As technical writers, we know that documentation is vital to the user experience but, the best technical writers know that the key to a great UX is to include the three “E”s: expectations, engagement, and empowerment. By keeping these three elements top-of-mind, technical writers can produce documentation that exceeds user expectations, engages them on a personal level, and empowers them to be successful. Let’s take a closer look at each of these three “E”s.
The first “E” stands for expectations. It’s important to set the right expectations for your users from the very beginning. For example, if you’re writing documentation for a complex piece of software, it’s important to let the user know that upfront. Otherwise, they may get frustrated when they encounter difficulty using the software and think it’s due to a lack of understanding on their part.

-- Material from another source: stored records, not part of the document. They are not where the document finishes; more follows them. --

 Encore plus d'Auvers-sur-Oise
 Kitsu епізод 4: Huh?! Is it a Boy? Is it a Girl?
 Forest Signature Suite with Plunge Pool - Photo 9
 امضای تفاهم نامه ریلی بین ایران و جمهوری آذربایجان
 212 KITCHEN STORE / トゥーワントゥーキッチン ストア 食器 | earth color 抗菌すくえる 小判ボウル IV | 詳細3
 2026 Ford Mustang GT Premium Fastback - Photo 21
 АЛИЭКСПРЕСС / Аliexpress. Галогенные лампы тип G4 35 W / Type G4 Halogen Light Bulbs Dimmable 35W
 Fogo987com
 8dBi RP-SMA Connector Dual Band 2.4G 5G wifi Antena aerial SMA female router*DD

Your users will have expectations too. They expect the document to be clear, concise, and free of errors. They also expect it to be easy to navigate and understand. If your document falls short in any of these areas, users will likely become frustrated and give up on trying to use it.
The second “E” stands for engagement. In order to keep your users engaged with your documentation, you need to write in a clear and concise manner. Using plenty of headings and subheadings to break up the text will make it easier to scan and don’t forget to include plenty of examples and screenshots to illustrate key points.

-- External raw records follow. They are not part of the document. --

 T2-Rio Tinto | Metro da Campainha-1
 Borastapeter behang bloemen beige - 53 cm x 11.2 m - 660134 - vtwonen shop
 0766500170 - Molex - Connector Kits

In addition, it is also important to engage users on a personal level. One way to do this is by using case studies or real-world examples whenever possible After all, people are more likely to use something if they feel a personal connection to it. When writing your documentation, be sure to use a tone and style that is approachable and relatable. Write like you would speak— without using jargon or overly technical language.
The third “E” stands for empowerment. Your goal should be to empower your users with the knowledge they need to be successful. Give them the information they need to complete their tasks efficiently and effectively. Anticipate their questions and concerns ahead of time so that you can address them before they even have a chance to ask In addition, don’t forget to include links to additional resources where users can go for more help if they need it. By empowering your users, you’ll create advocates for your product or service—and for your company as a whole.